Task data START
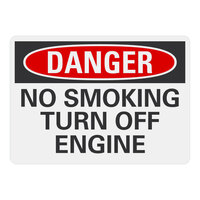 Lavex Non-Reflective Adhesive Vinyl "Danger / No Smoking / Turn Off Engine" Safety Label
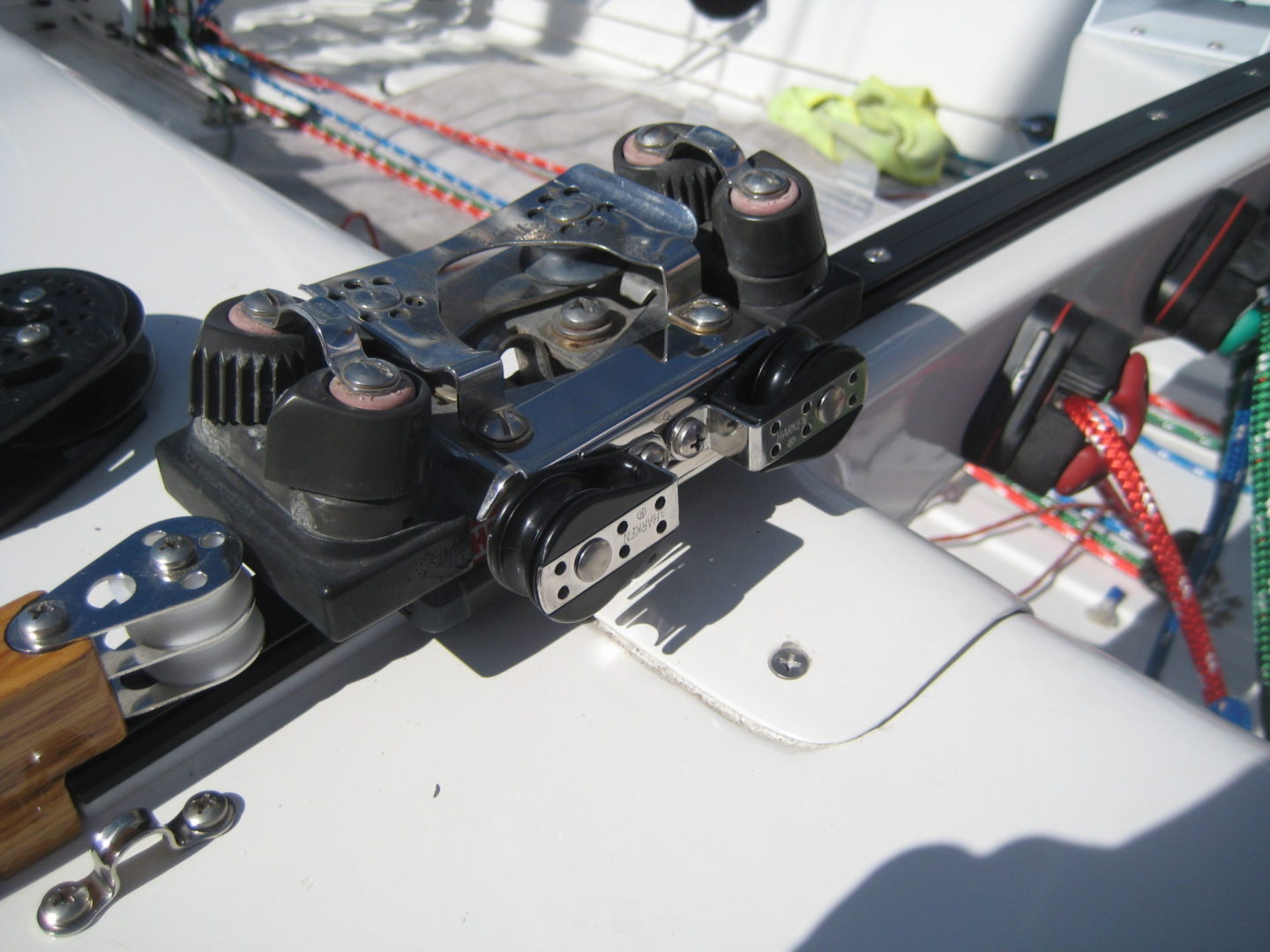 A close up of the camera on a boat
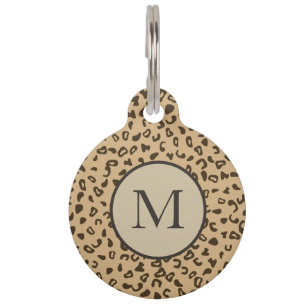 Leopard pattern skin tan design pet tag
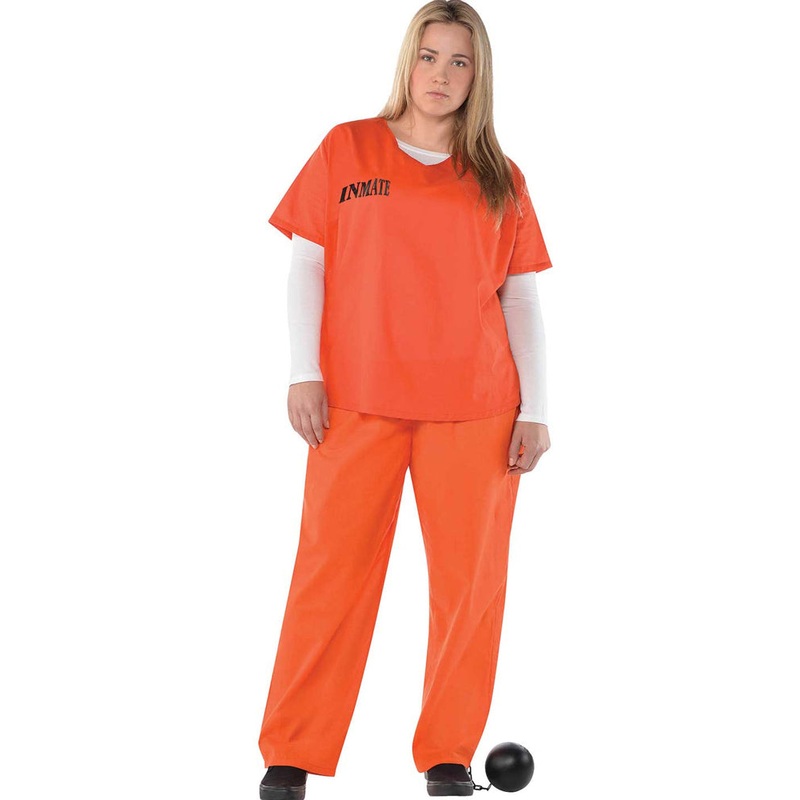 Orange Inmate Womens Plus Size Costume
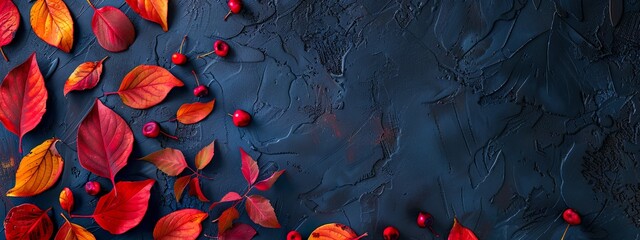 Colorful Autumn Leaves Scattered on Dark Blue Background Artistic Seasonal Design 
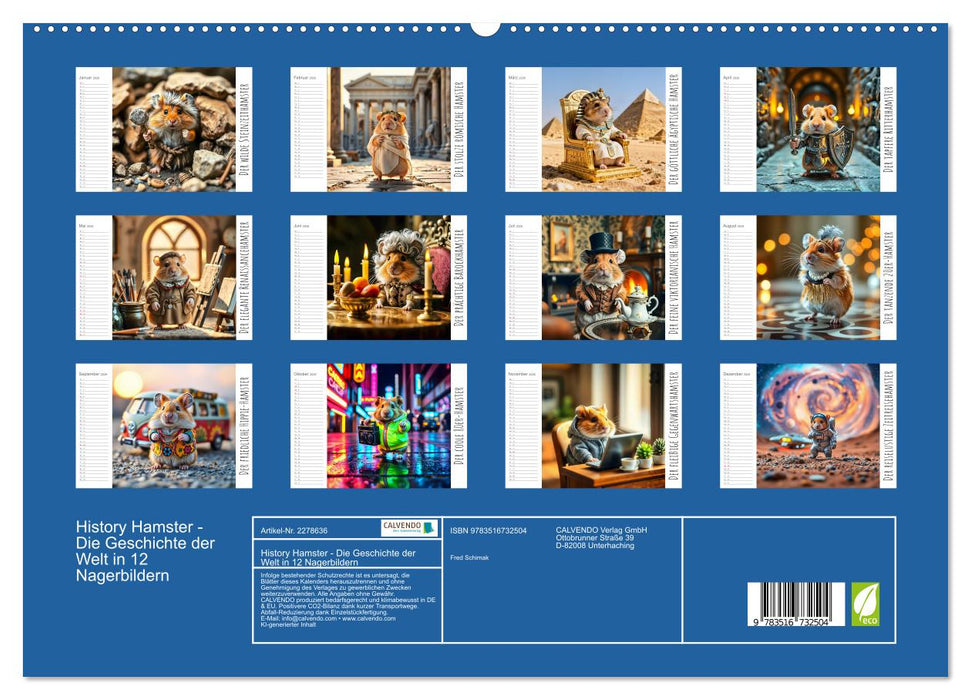 History Hamster - Die Geschichte der Welt in 12 Nagerbildern (CALVENDO Premium Wandkalender 2026)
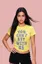 Light Yellow Typography Crew Neck T-Shirt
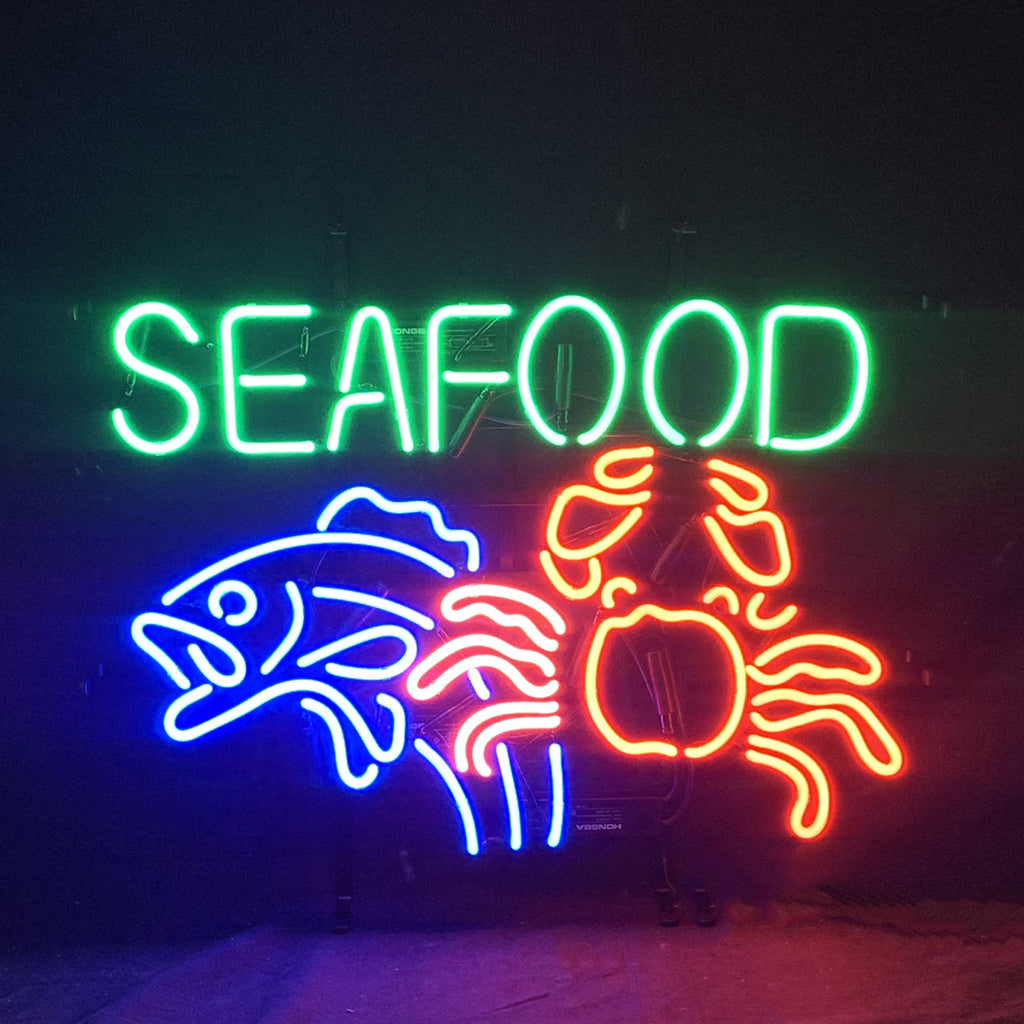 Seafood Fish Crab Neon Signs Light by Neon Signs Land - main product image for Resin Society
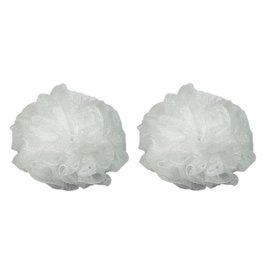 Lot De 2 Éponges Luffa Doubles Dégradées – Douche Exfoliante En Maille PE – Diamètre 18 Cm, Mousse Riche, Résistante, Avec Cordon De Suspension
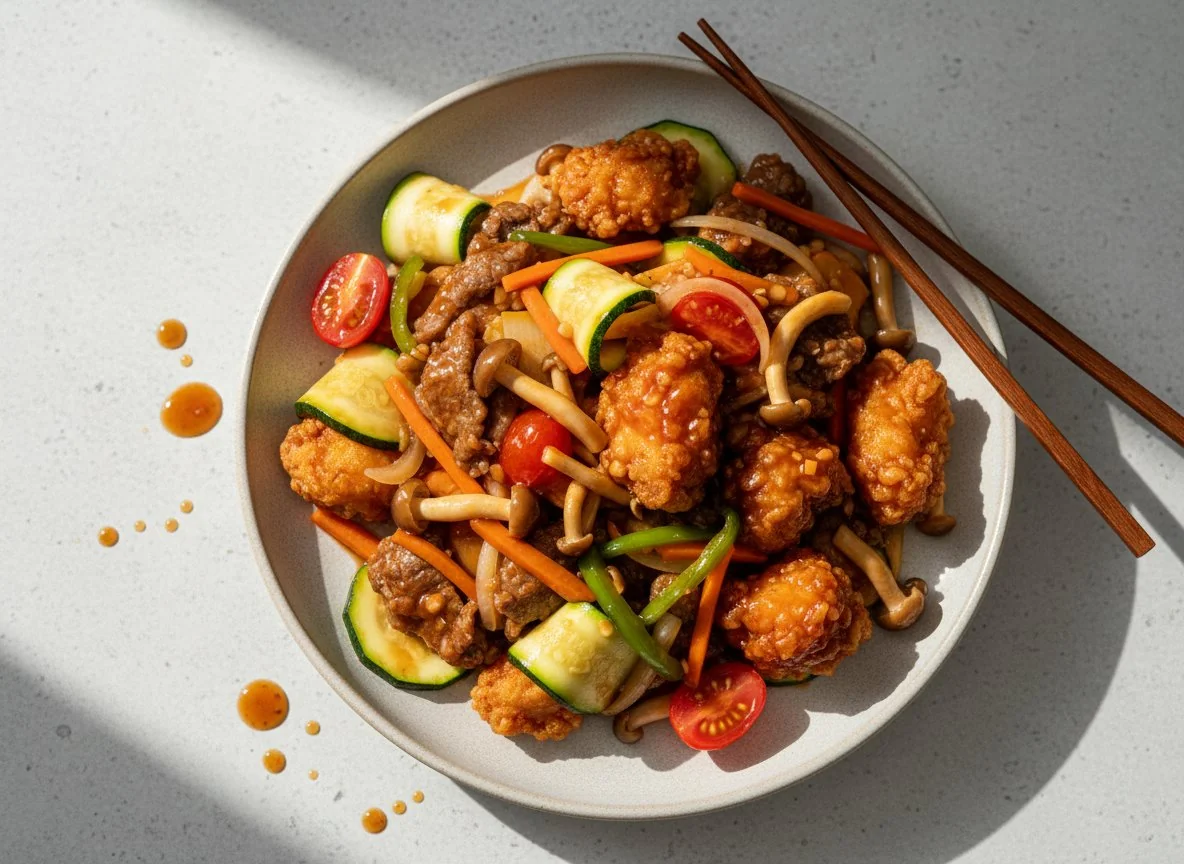 Asiatisches Gericht mit Fleisch und Gemüse photo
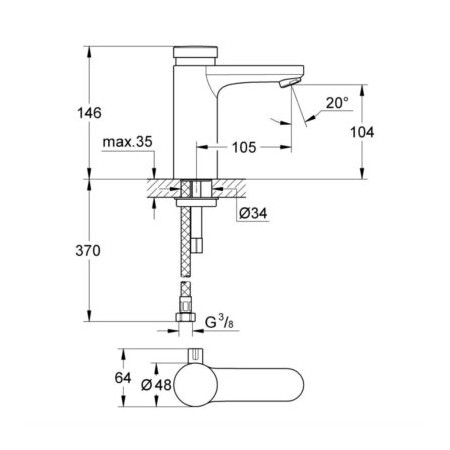 Grohe Eurosmart смесител за мивка времезатварящ /ударен/ ПРОМО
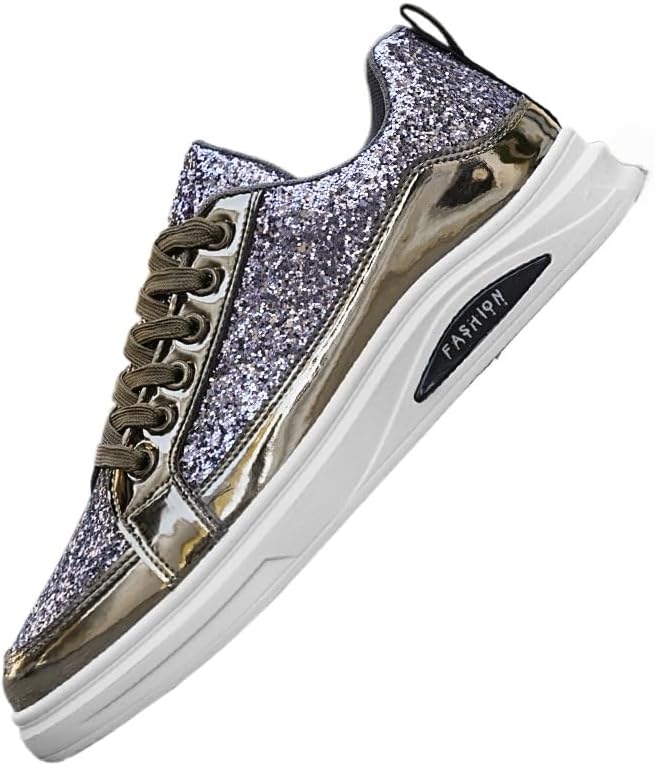 

Мужские низкие кроссовки большого размера с пайетками - модные повседневные кроссовки Hoalox, серебро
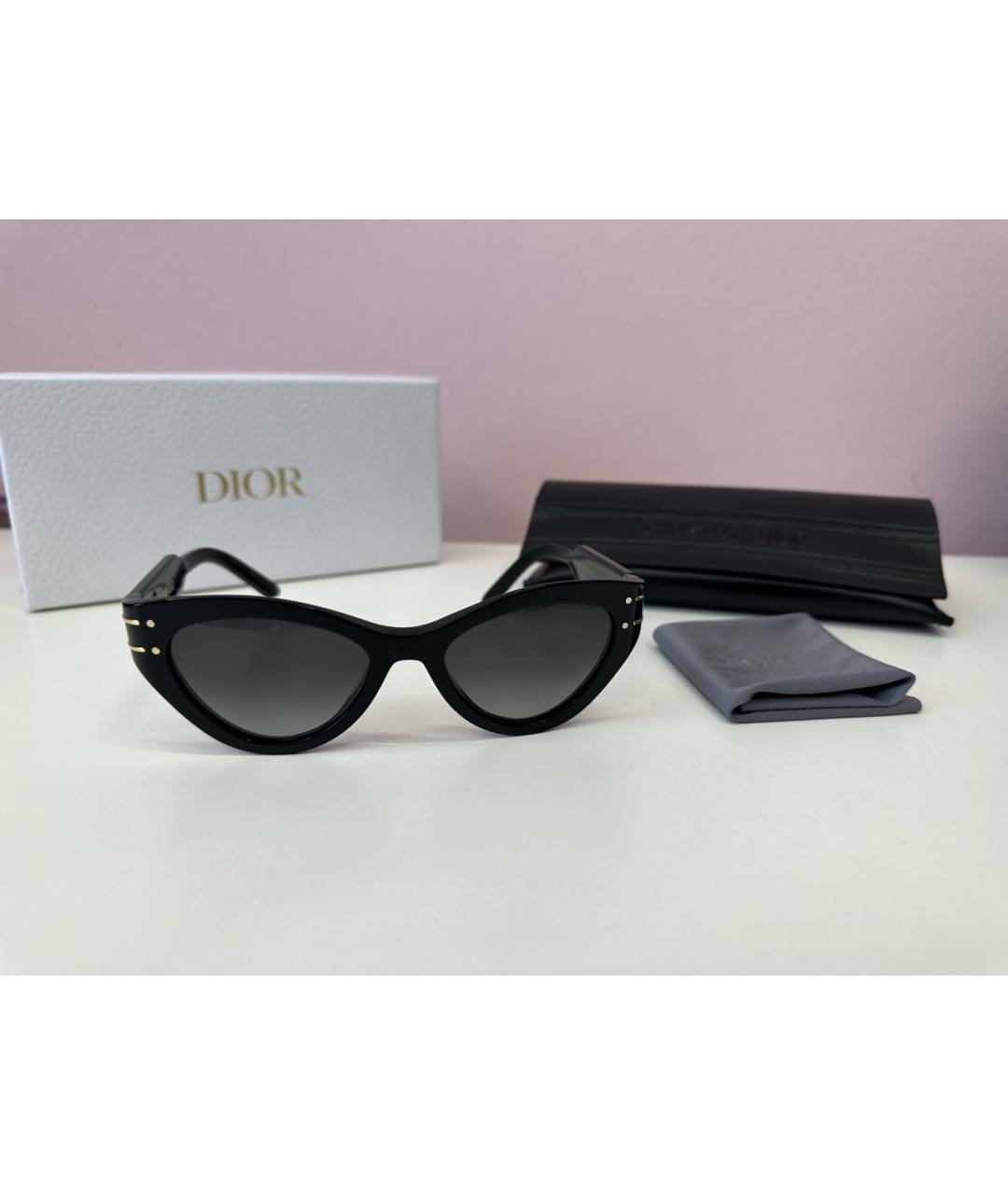CHRISTIAN DIOR Черные пластиковые солнцезащитные очки, фото 8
Task data END
Task prompt » Your answer should copy the listing word for word, with no pictures in it.

Written response »
 Lavex Non-Reflective Adhesive Vinyl "Danger / No Smoking / Turn Off Engine" Safety Label
 A close up of the camera on a boat
 Leopard pattern skin tan design pet tag
 Orange Inmate Womens Plus Size Costume
 Colorful Autumn Leaves Scattered on Dark Blue Background Artistic Seasonal Design 
 History Hamster - Die Geschichte der Welt in 12 Nagerbildern (CALVENDO Premium Wandkalender 2026)
 Light Yellow Typography Crew Neck T-Shirt
 Seafood Fish Crab Neon Signs Light by Neon Signs Land - main product image for Resin Society
 Lot De 2 Éponges Luffa Doubles Dégradées – Douche Exfoliante En Maille PE – Diamètre 18 Cm, Mousse Riche, Résistante, Avec Cordon De Suspension
 Asiatisches Gericht mit Fleisch und Gemüse photo
 Grohe Eurosmart смесител за мивка времезатварящ /ударен/ ПРОМО

Мужские низкие кроссовки большого размера с пайетками - модные повседневные кроссовки Hoalox, серебро
CHRISTIAN DIOR Черные пластиковые солнцезащитные очки, фото 8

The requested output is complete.